◆ What to produce:
Beginning with the line that holds "4.5' Pre-Lit Purple" and ending with the last line of the entries below, copy every line exactly and nothing else, with the pictures left out.

◆ Supplied records:
↓↓↓
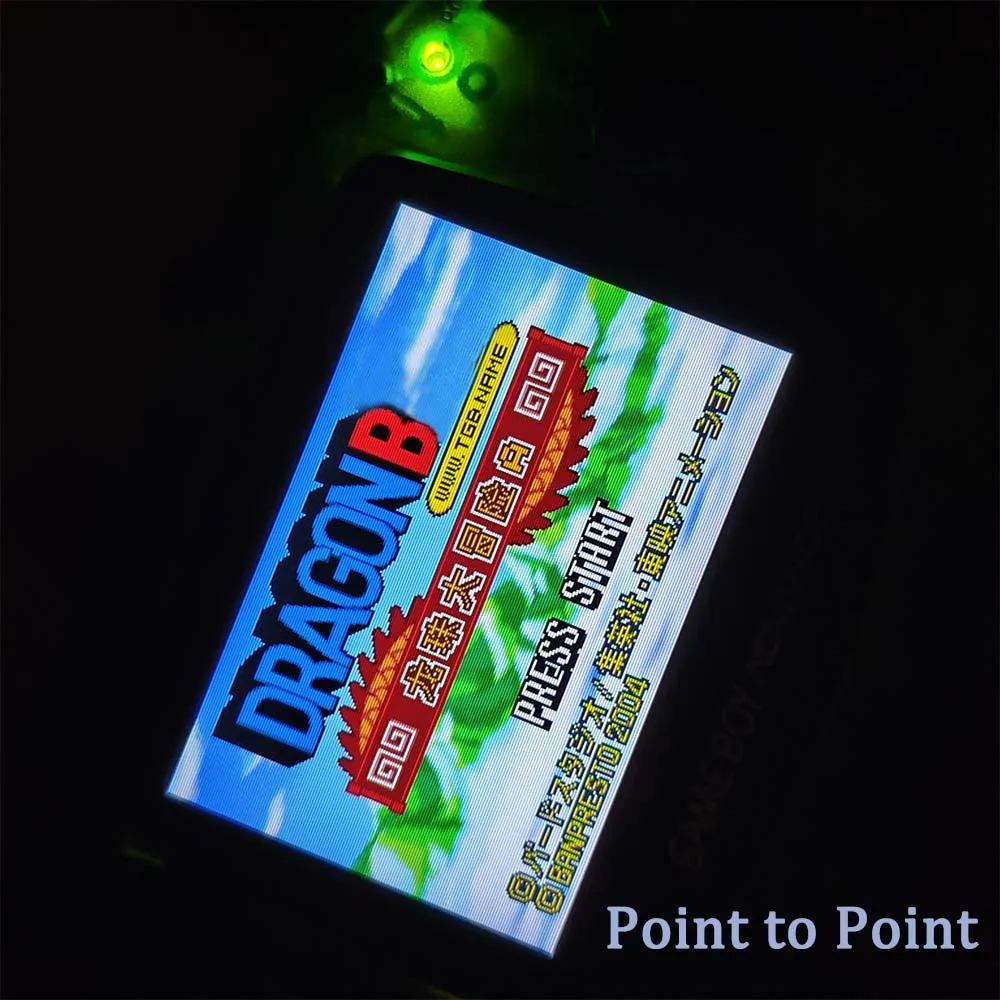 3.1 inch IPS V4 LCD Screen Replacement Kits With OSD Menu Function For Nintend GBA V4 15 Levels High Brightness
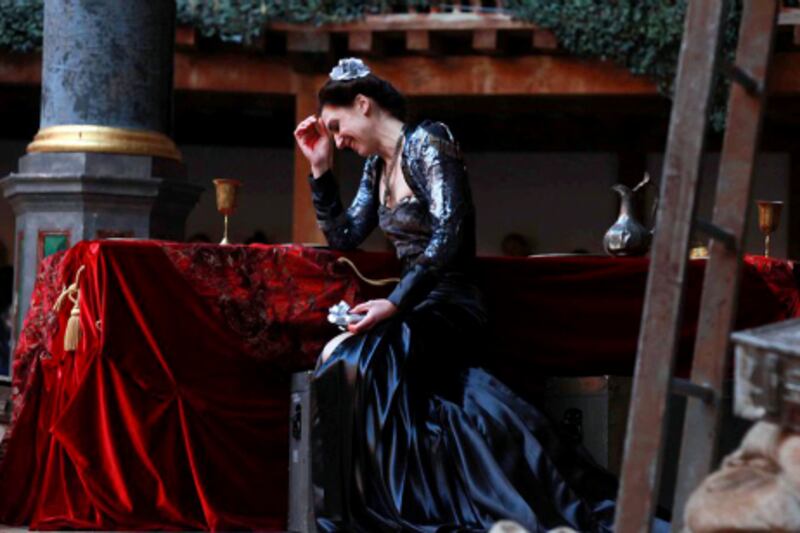 Emma Pallant as Lady Macbeth in Globe EducationÕs Playing Shakespeare with Deutsche Bank production of Macbeth, running at ShakespeareÕs Globe from 1 Ð 11 March. Photo Courtesy Ellie Kurtz
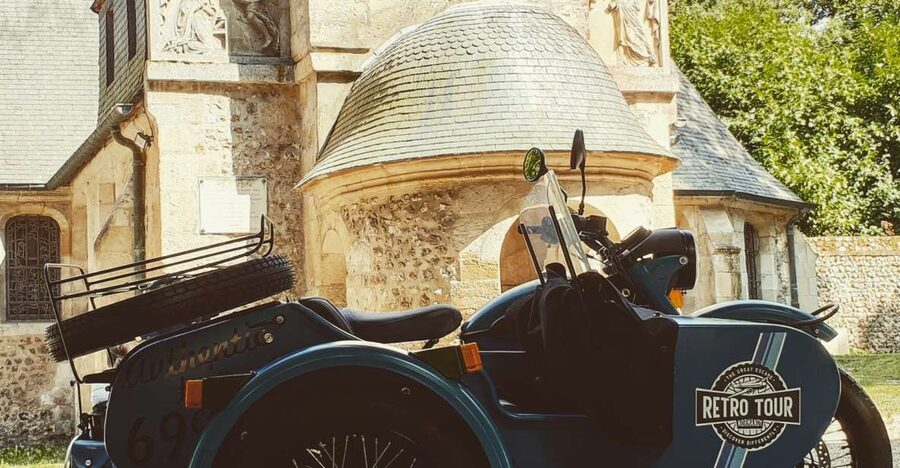 Honfleur: Private Guided City Tour by Vintage Sidecars - From Rue Baudelaire to the old town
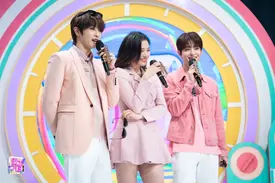 210404 MC Jihoon, Yujin & Sungchan at Inkigayo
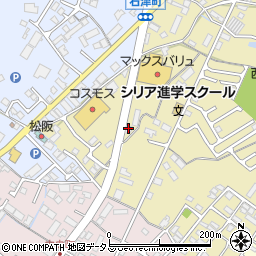 うなぎ亭一座松阪店周辺の地図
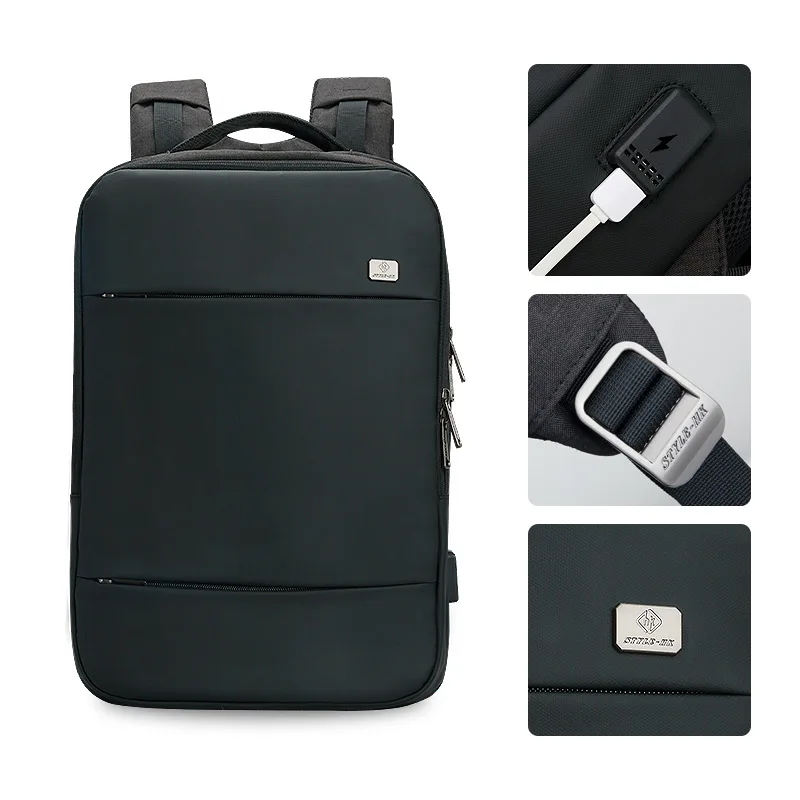 Мужской деловой рюкзак с отделением для ноутбука 15 6 дюйма и USB портом|men laptop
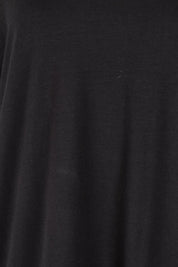 Product shot of the Clara Tee in colour Black (Black), detail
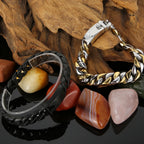 Luxury Gold Color Bracelet Man Friendship Men's Bracelets & Bangles In Metal Stainless Steel On Hand Jewelry Gifts For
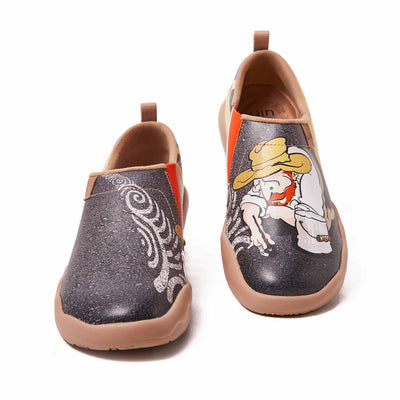 UIN Footwear Men Drawing Van Goh Canvas loafers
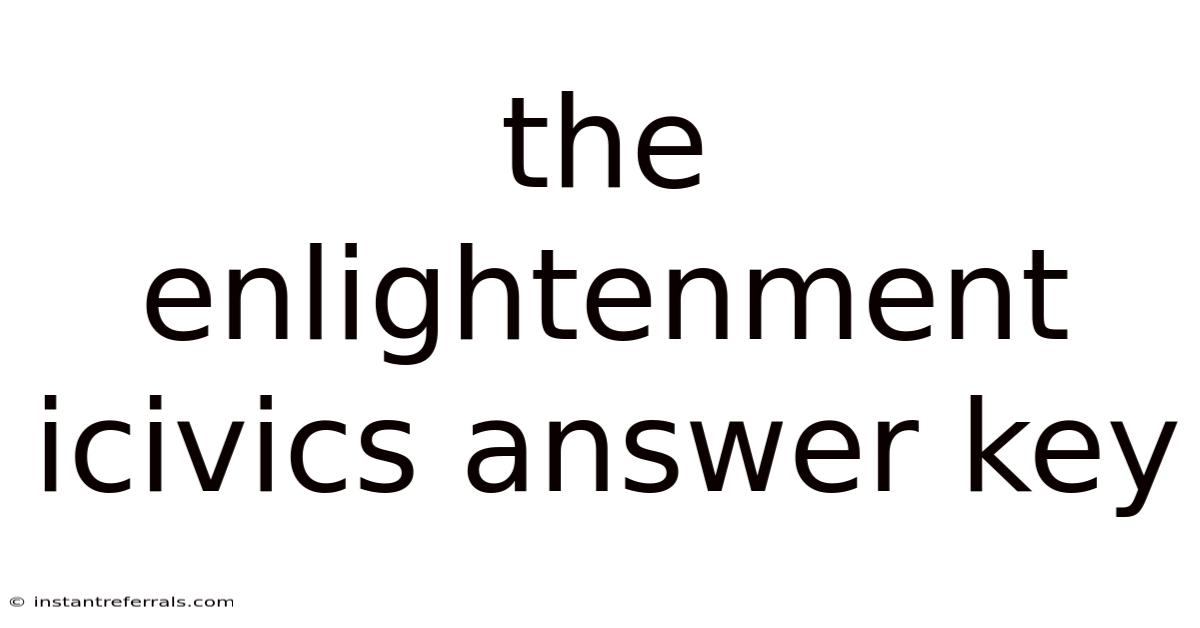 The Enlightenment Icivics Answer Key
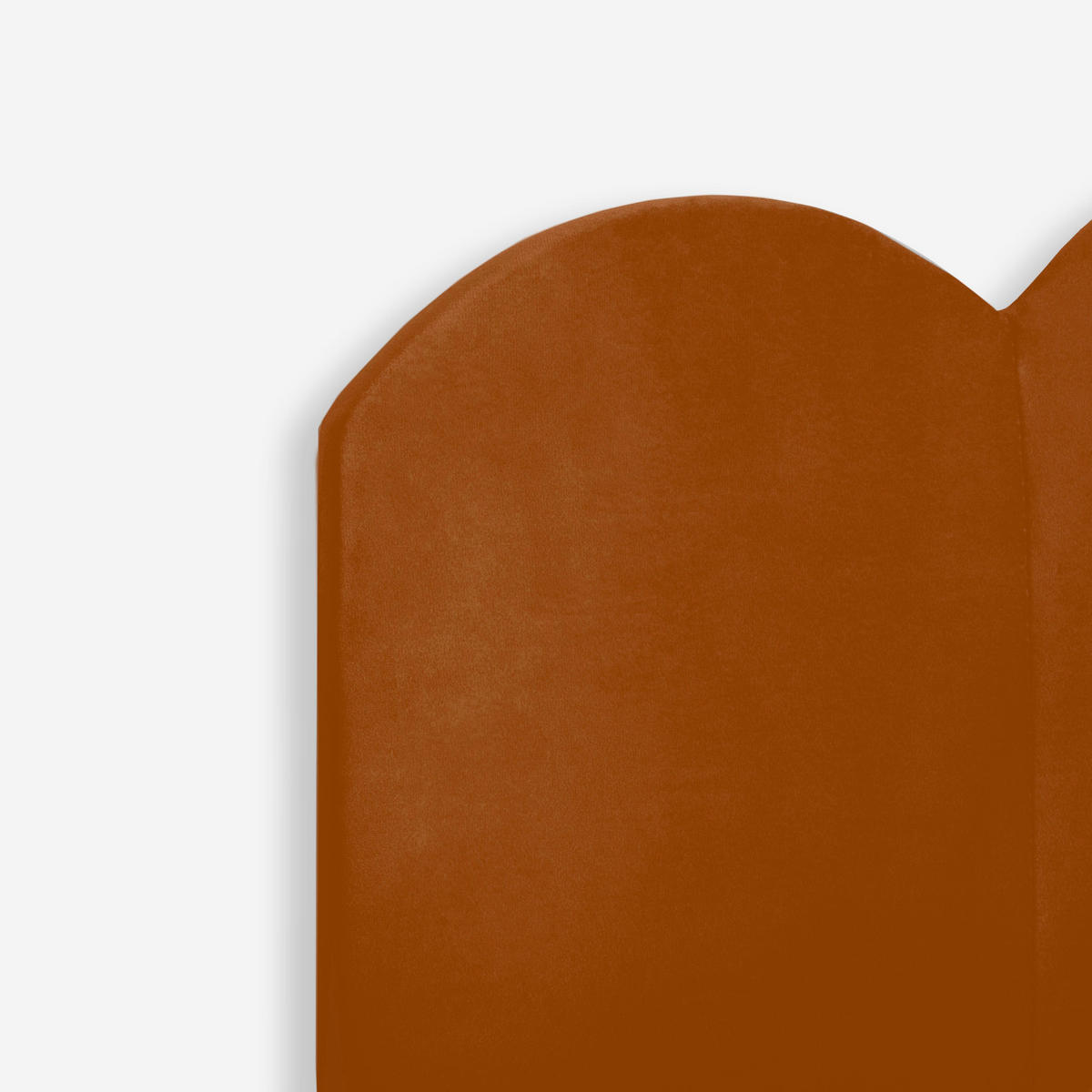 KOPFTEIL aus Terrakotta-Samt 160/74/3 cm SHELL - Braun, Textil (160/74/3cm) - RNT By Really Nice Things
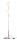 Blendarme Lampadaire nickel verre G9 151 cm petit 3-flmg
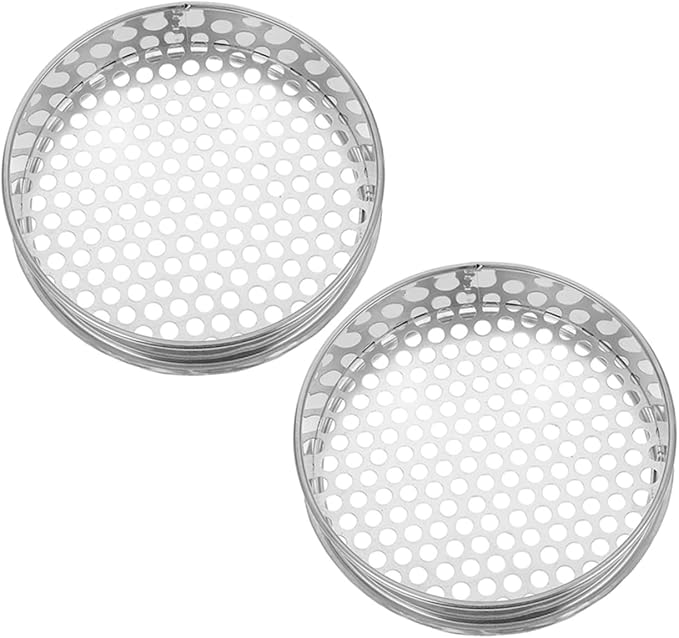 2pcs Garden Sifting Tool Stainless Steel Soil Sieve Manual Soil Sieve for Gardening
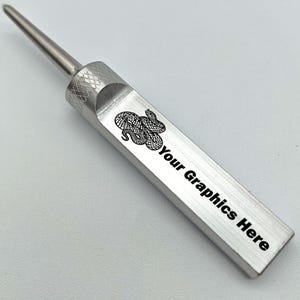 Personalized CNC-Milled Single-Prong Divot Tool  - 303 Stainless Steel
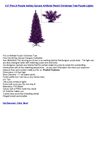 4.5' Pre-Lit Purple Ashley Spruce Artificial Pencil Christmas Tree Purple Lights
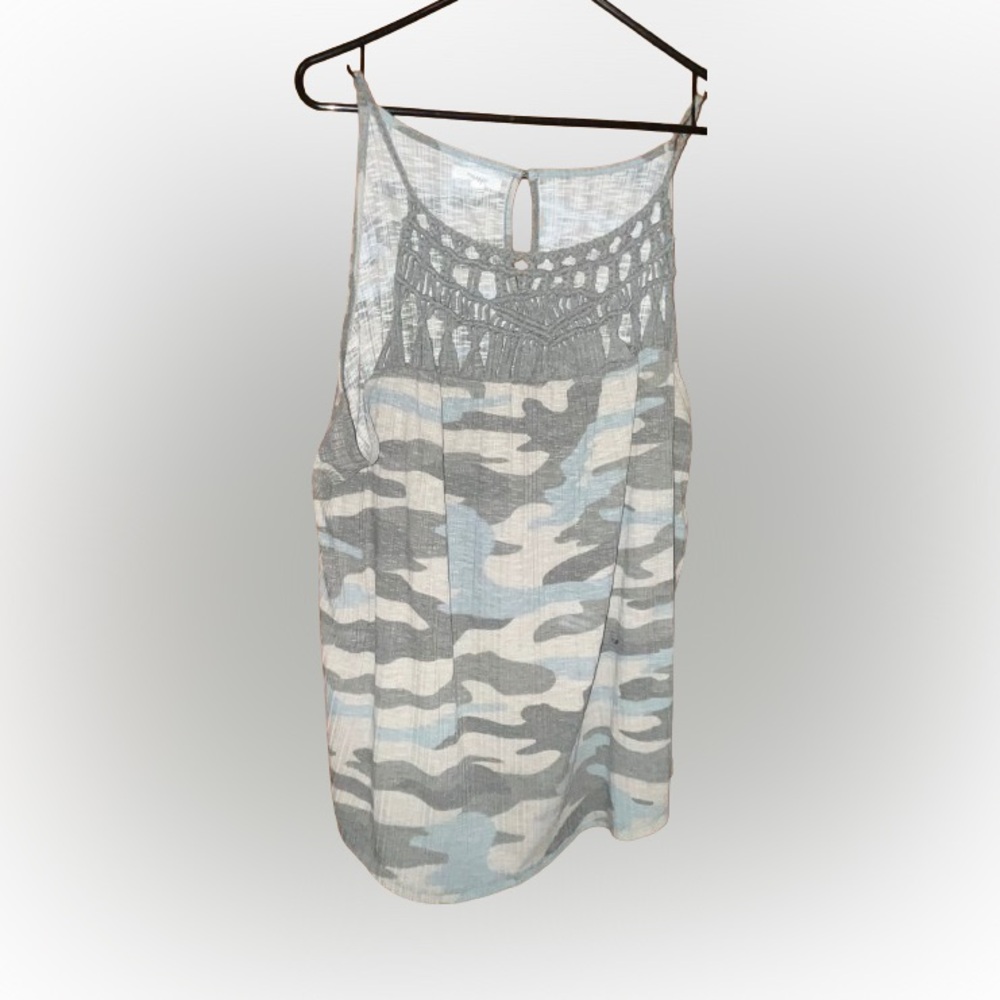 Camo tank top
↑↑↑
◆ Result for this task:
 4.5' Pre-Lit Purple Ashley Spruce Artificial Pencil Christmas Tree Purple Lights
 Camo tank top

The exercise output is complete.